README.Rmd

---
output: github_document
---

<!-- README.md is generated from README.Rmd. Please edit that file -->

```{r, include = FALSE}
knitr::opts_chunk$set(
  collapse = TRUE,
  comment = "#>",
  fig.path = "man/figures/README-",
  out.width = "100%"
)
```
# kflow

<!-- badges: start -->
[![R build status](https://github.com/ndiquattro/kflow/workflows/R-CMD-check/badge.svg)](https://github.com/ndiquattro/kflow)
<!-- badges: end -->

The ambition of kflow is to make it easier to build R based components orchestrated by Google's [Kubeflow](https://www.kubeflow.org/). Importantly, this package does *not* intend to be a full R replacement for the [python SDK](https://github.com/kubeflow/pipelines) (at least not yet!). However, I've had some good luck in wrapping the python SDK with [reticulate](https://rstudio.github.io/reticulate/), so if you need to go full R, that would be a good option.

## Installation

You can install the development version from [GitHub](https://github.com/) with:

``` r
# install.packages("devtools")
devtools::install_github("ndiquattro/kflow")
```
## Example Usage

To illustrate how to use {kflow} we'll set up a simple component example where we predict the transmission type of a car in `mtcars` based on an input parameter. We will work with a single function that will eventually be translated to a single kubeflow component.

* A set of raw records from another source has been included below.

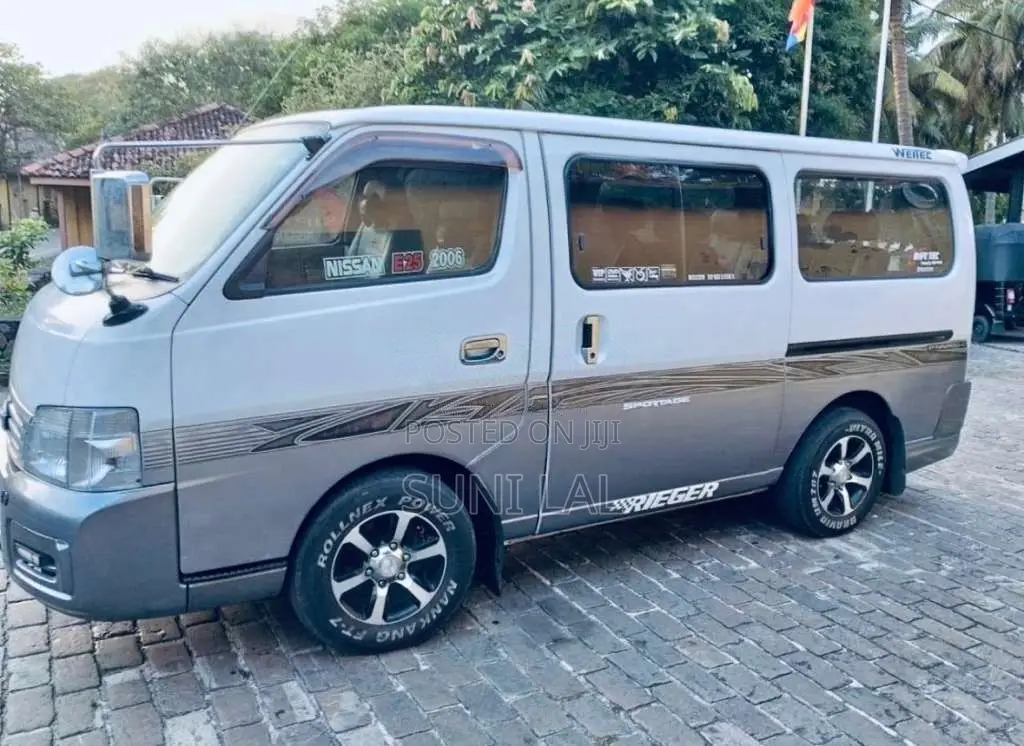 Nissan E25 2006 Van (Used)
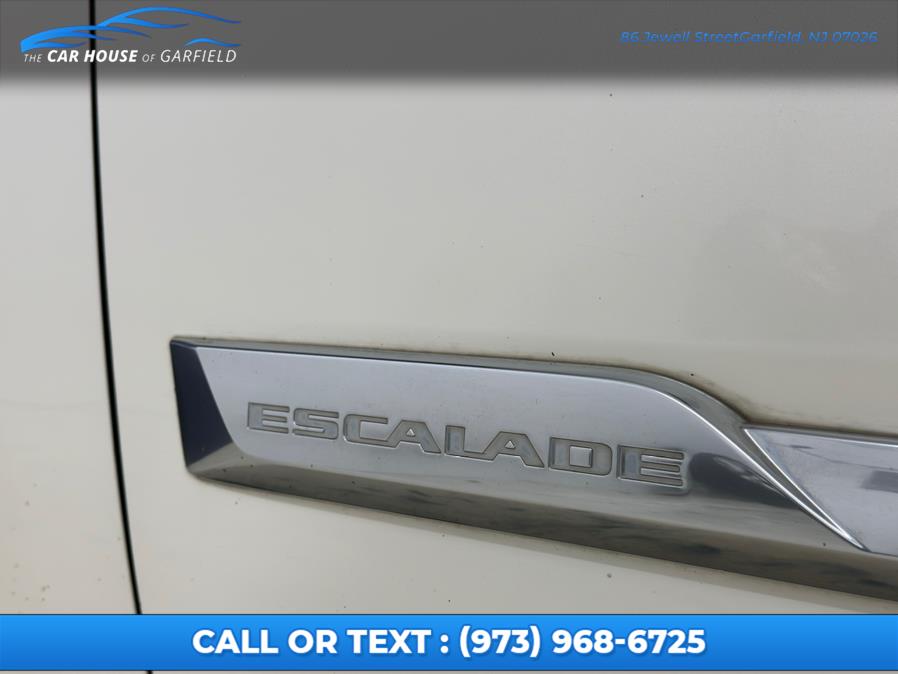 2015 Cadillac Escalade ESV 4WD 4dr Premium, available for sale in Garfield, New Jersey | Car House Of Garfield. Garfield, New Jersey 2015 Cadillac Escalade ESV 4WD 4dr Premium, available for sale in Garfield, New Jersey | Car House Of Garfield. Garfield, New Jersey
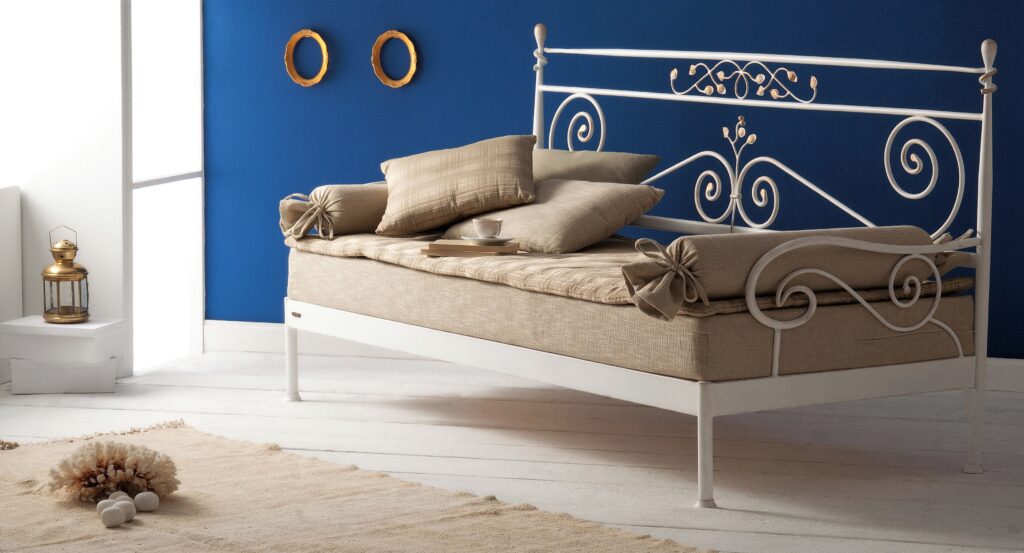Divano letto in metallo NEFELI | 100% Design moderno...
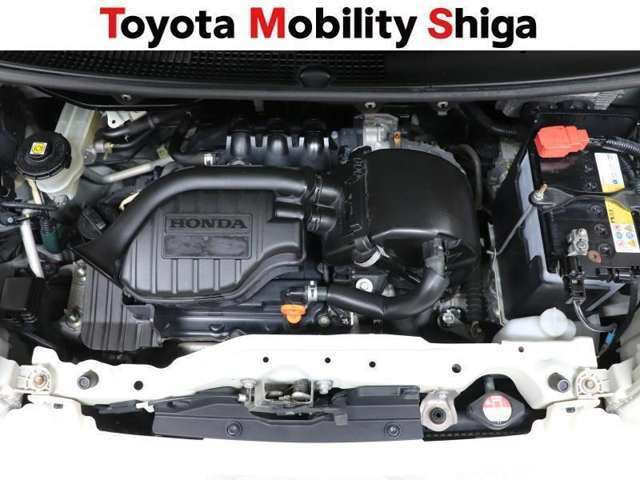 エンジンル-ムも綺麗に洗浄しております。ご納車時にはしっかりメンテナンスを行ってからご納車致します。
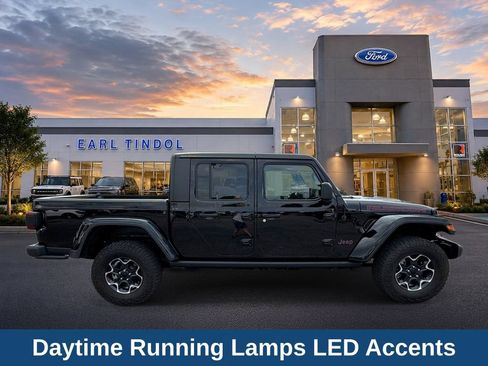 Used 2023 Jeep Gladiator Rubicon w/ LED Lighting Group AWD/4WD image 9
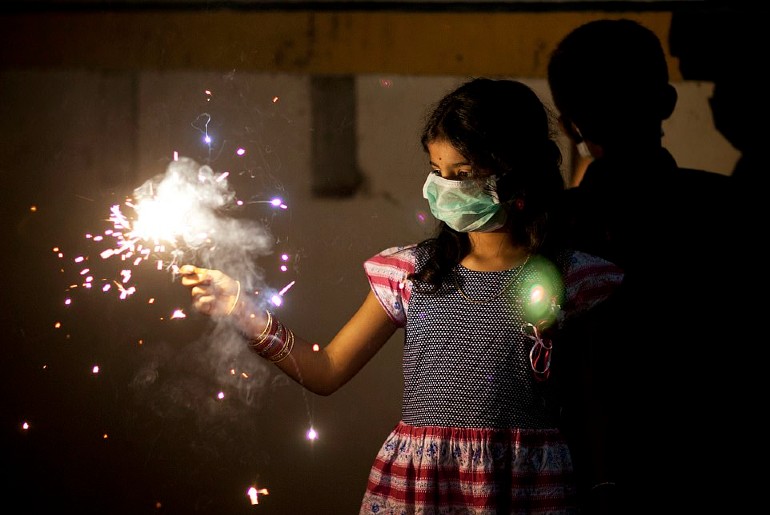 Delhi Celebrate Diwali Green Crackers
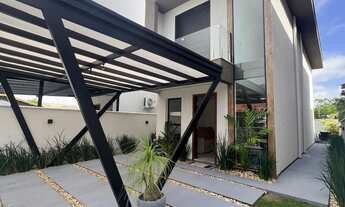 Imagem: Sobrado mobiliado a 2,6 Km da Praia dos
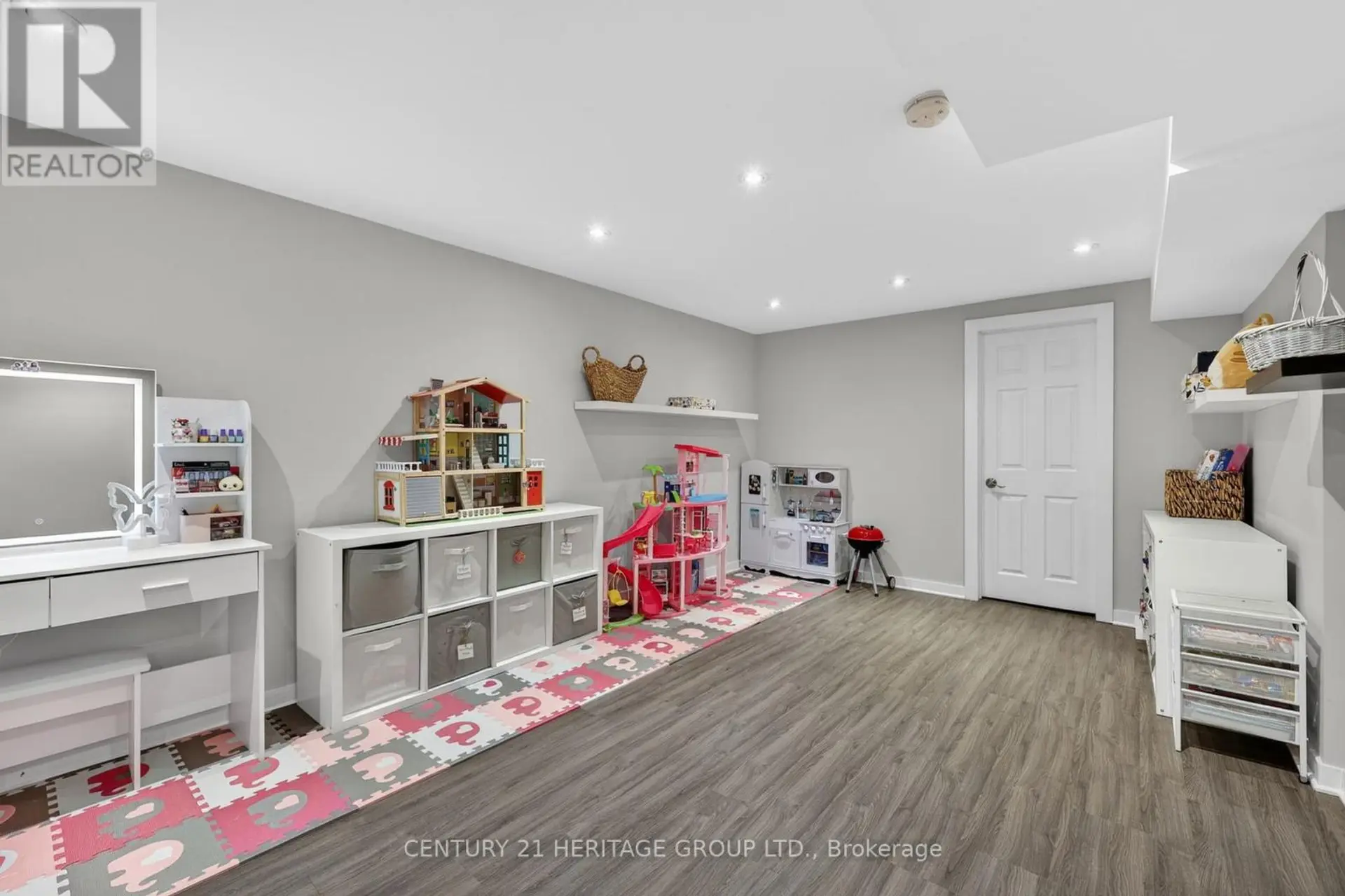 27 LONGVIEW DRIVE - Image 11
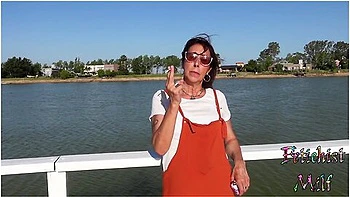 al-aire-libre,madrastra-culona,step-fantasy,stepmother,mature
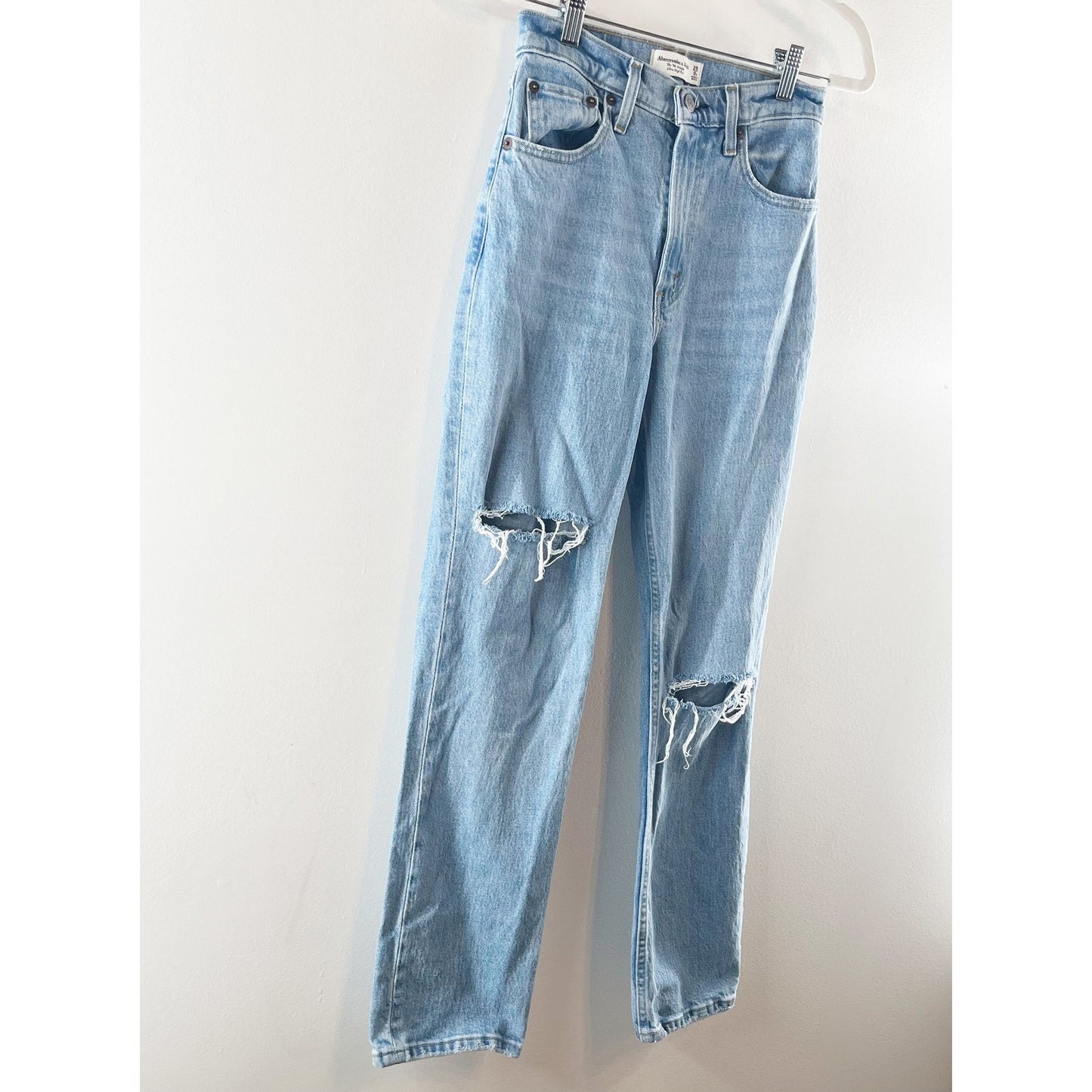 Abercrombie & Fitch Ultra High Rise 90s Denim Straight Jean Light Destroy 25 / 0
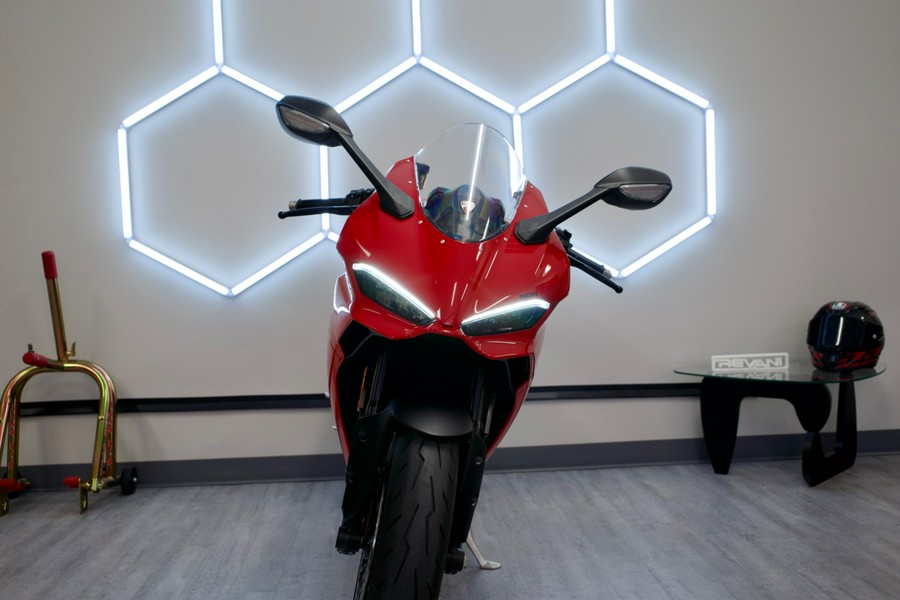 2025 Ducati V2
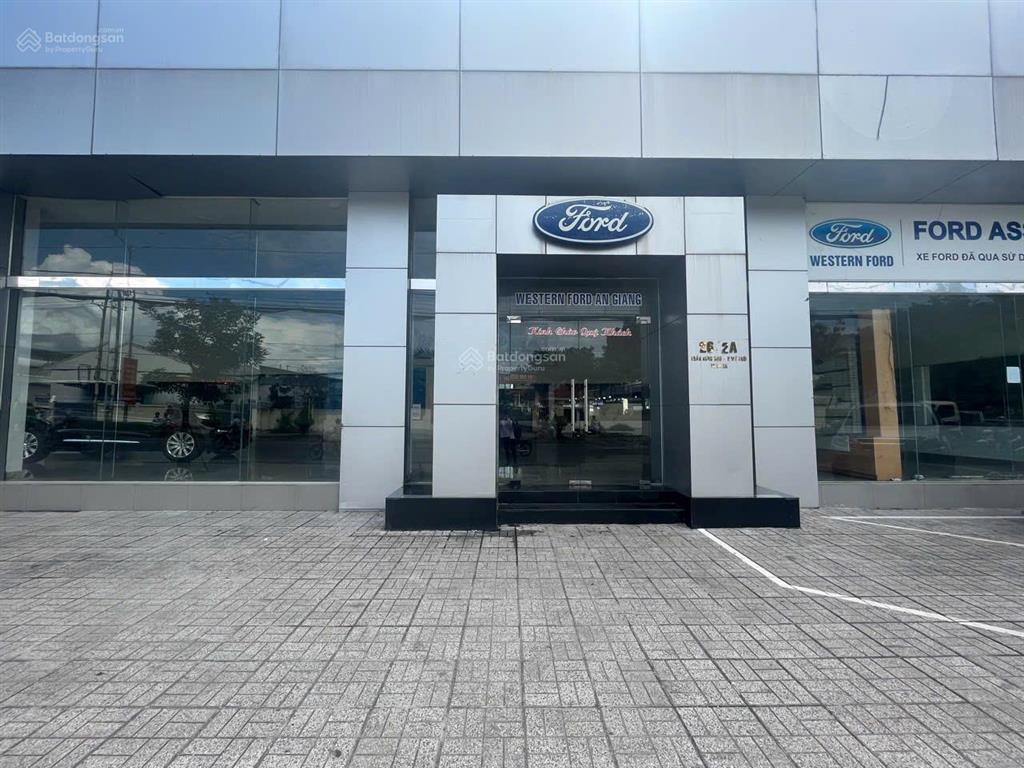 Bán đất showroom ô tô mặt tiền trần hưng đạo long xuyên  an giang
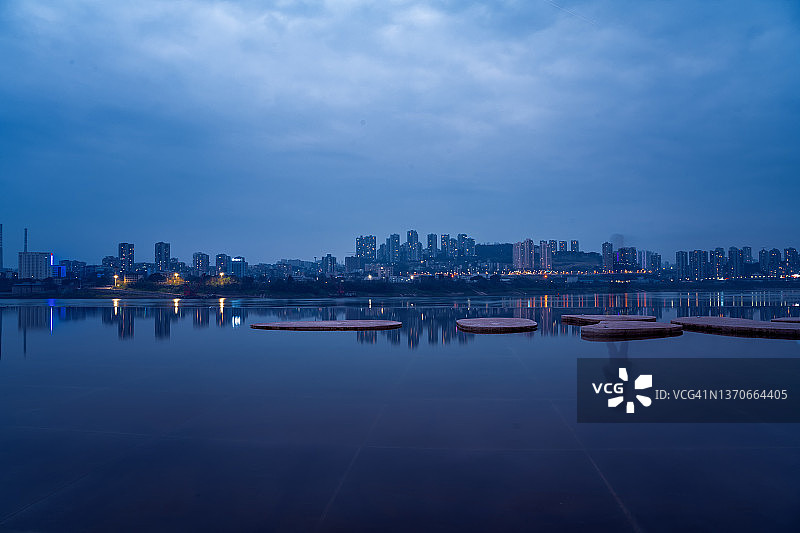 阴天重庆河畔夜景图片素材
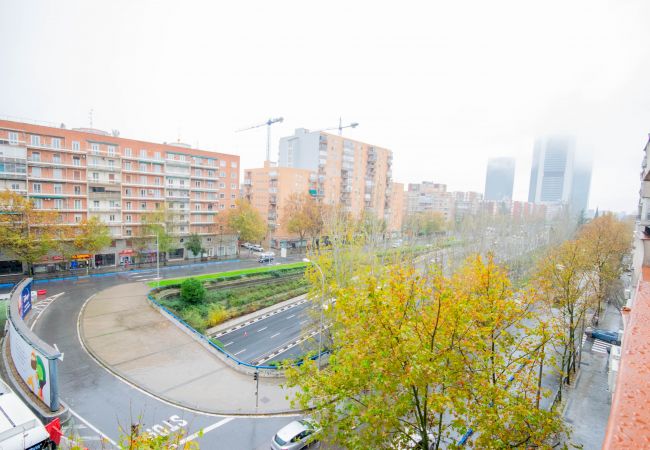 Apartment in Madrid - M (CAS224) Exclusivo Apartamento Plaza De Castilla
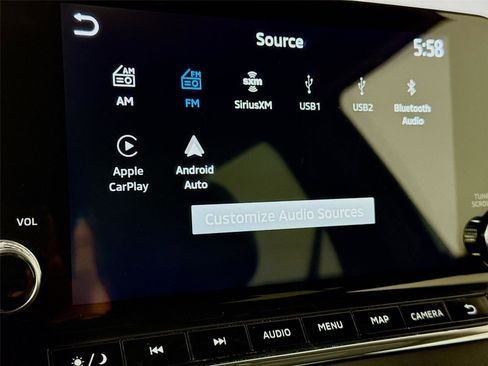 Used 2024 Mitsubishi Outlander SE image 14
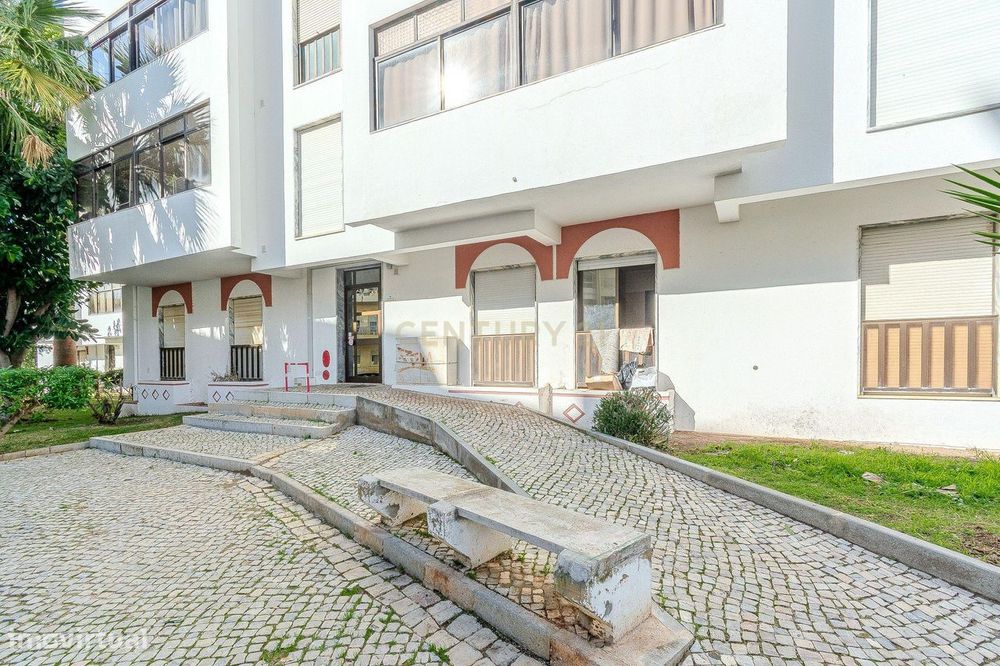 T2 Renovado para Arrendamento em Faro
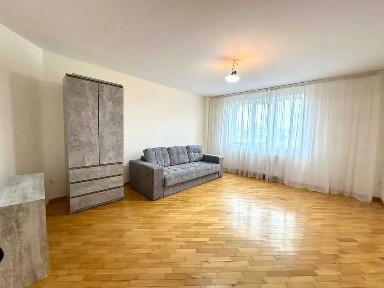 Простора 3 кімнатна квартира 105м2 біля парку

Note that our argument names need to follow a convention for the conversion to component to succeed. Each argument must end in a slug that identifies the argument type. The conversions for slug to kubeflow type are:

*Inputs*

* _string = String
* _int = Integer
* _bool = Bool
* _float = Float

*Outputs*

* _out = outputPath
* _metrics = Metrics
* _uimeta = UI_metadata

With all that defined, let's create the function:

```{r}
library(kflow)

tm_predict <- function(predictor_string, file_out, performance_metrics, curve_uimeta) {
  
  # Train Model
  cars_dat <- mtcars
  cars_dat$am <- factor(cars_dat$am)
  
  form <- as.formula(paste0("am ~ ", predictor_string))
  model <- glm(form, binomial, cars_dat)
  
  # Make Predictions
  cars_dat$prob_auto <- predict(model, type = "response")
  
  # Save results
  kf_write_output(cars_dat, file_out)  # This ensures the path exists then writes to a kubeflow provided path
  
  # Score and save metrics
  kf_init_metrics() %>%  # Start an empy JSON
    kf_add_metric(name = "roc", value = yardstick::roc_auc(cars_dat, am, prob_auto)$.estimate, format = "RAW") %>% 
    kf_add_metric(name = "pr-auc", value = yardstick::pr_auc(cars_dat, am, prob_auto)$.estimate, format = "RAW") %>% 
    kf_write_output(curve_uimeta)
  
  # Save ROC Curve
  roc_file <- tempfile()
  yardstick::roc_curve(test_preds_org, observed, estimated) %>%
    mutate(specificity = 1 - specificity) %>%   # convert to FPR
    filter(is.finite(.threshold)) %>%   # KF not going to like -Inf to Inf
    write.csv(roc_file, col_names = FALSE)  # Save without headers
  
  kf_init_ui_meta() %>% 
    kf_add_roc(roc_file)
}
```

```{r}
component <-
  kf_make_component(
    "tm_predict",
    "Transmission Predictor",
    "Predicts if a car has an automatic transmission based on a provided variable",
    "rocker/tidyverse:3.6.2"
  )

cat(component, sep = "\n")
```

Next let's take a look at an example of how the metrics/ui meta functions work. Essentially they are just helpers for creating JSON in a structure kubeflow expects. They can be written by `kf_write_output()` just like any other information we want to save.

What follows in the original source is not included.